Religion of Peace: Italian MP under protection 

An Italian politician will be given police protection following comments she made about the Islamic veil on television.
The MP, Daniela Santanche, from the right wing National Alliance, said the veil was not required by the Koran. [Which it's not - RG]

She was labelled an infidel by an imam appearing on the same programme and there are now fears for her safety.

How much longer are we going to allow for this bullshit? How much longer are we going to let these backwards cave-dwelling assholes run our lives and dictate who has rights and who does not? This is absolutely unacceptable in Western society, and should literally be stamped out.

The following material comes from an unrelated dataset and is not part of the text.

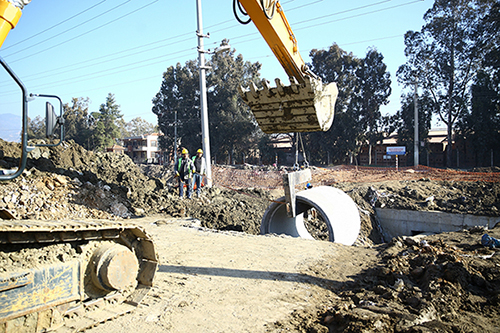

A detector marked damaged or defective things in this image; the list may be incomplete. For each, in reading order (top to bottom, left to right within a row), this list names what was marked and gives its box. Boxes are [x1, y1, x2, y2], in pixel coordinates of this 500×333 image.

rusted metal piece [0, 219, 158, 330]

And yet they wonder why we paint them all as violent. Perhaps if angry comments from imams were routinely ignored and the followers of the Religion of Peace weren't known for shitting themselves and losing complete control of their faculties, then we wouldn't think they were all mad. But the sad truth is - the bulk of them are. Mad. Completely 6th century mad.

On Friday she appeared on a chat show on Sky Italia for a heated debate which quickly spiralled out of control.

"A veil," she said, "is never a symbol of liberty and it is not required in religion".

"And in our country," she went on, "there is a law which forbids - for reason of terrorism - people to go around with masks on".

Her comments brought a furious response from the imam who appeared alongside her.

Ali Abu Shwaima, from a mosque near Milan, called her an infidel.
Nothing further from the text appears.